ANNE McILROY
From Thursday's Globe and Mail Published on Thursday, Oct. 02, 2008 4:56AM EDT Last updated on Tuesday, Mar. 31, 2009 8:52PM EDT
It has been more than three decades since Al Lakusta noticed giant ribs poking out of an embankment during a fall hike along Pipestone Creek, southwest of Grand Prairie, Alta.
The junior high school science teacher knew the dark brown bones had belonged to a dinosaur, but he has waited half a lifetime to learn the identity of the mysterious creature he found that sunny day in the mid-1970s.
Yesterday, University of Alberta paleontologist Philip Currie and his colleagues finally announced that Mr. Lakusta had in fact discovered a new species, a vegetarian the size of a rhinoceros with a frill on the back of its skull and one or more long, stumpy horns sprouting from the front.
At a ceremony last night, the scientists told a surprised Mr. Lakusta, now 66 and retired, that they are naming the beast after him. The Pipestone creek dinosaur will henceforth be known as Pachyrhinosaurus lakustai.
Pachyrhinosaurus means thick-nosed lizard, but lakusta i is in honour of Mr. Lakusta's determination and hard work. It is also a recognition of the importance of what he unearthed.
The dinosaur bone bed he found is exceptional, and contained 27 individual creatures, including youngsters. They died together 72.5 million years ago, perhaps crossing a river or in a catastrophic flood.
After the initial discovery, Mr. Lakusta secured the necessary permits to start digging. He would take friends and family members to the site after he finished work at a local junior high school. He methodically stored the bones in his basement and tried to find experts to help him figure out what they were.

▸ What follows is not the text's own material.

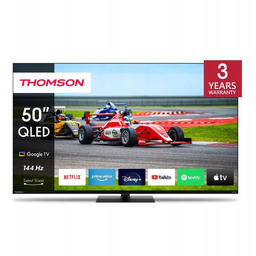 Telewizor 50'' Qled 4K/50QG7C14 Thomson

"Fortunately I had a large basement. There were tons of fossilized bones," he said.
After he had dug for about 18 months, though, the permits were not renewed. He said provincial officials told him only professionals could do the job. He wasn't pleased, especially when there seemed to be little interest in the site. He gave the bones he had excavated to the local museum, and they were put into storage.
He had also taken samples to the Provincial Museum of Alberta in Edmonton, where a curator said they were duck-billed dinosaurs. But Mr. Lakusta had submitted a field book with some sketches as well, and eventually photocopies found their way into the hands of experts.
Paleontologist Dr. Currie, the former head of dinosaur research at the Royal Tyrrell Museum in Drumheller, said he first saw the bones in the 1970s and knew they were important. But at the time, he says, there was little funding and few paleontologists actively collecting dinosaur fossils.
"We had dinosaurs all over the province to deal with," he said.
Work didn't begin at the site until 1986, and the excavation lasted for three years. It took two more decades to clean and analyze the bones from so many individual dinosaurs, Dr. Currie said. The last bones were removed from rock only two years ago.
Each specimen added new information about the ancient animals. Dr. Currie and his colleagues waffled for years on whether the dinosaurs Mr. Lakusta found were different enough from similar ones unearthed in southern Alberta to qualify as a separate species. A computer analysis comparing the characteristics of the Pipestone Creek creatures with other horned dinosaurs finally convinced the scientists that they were.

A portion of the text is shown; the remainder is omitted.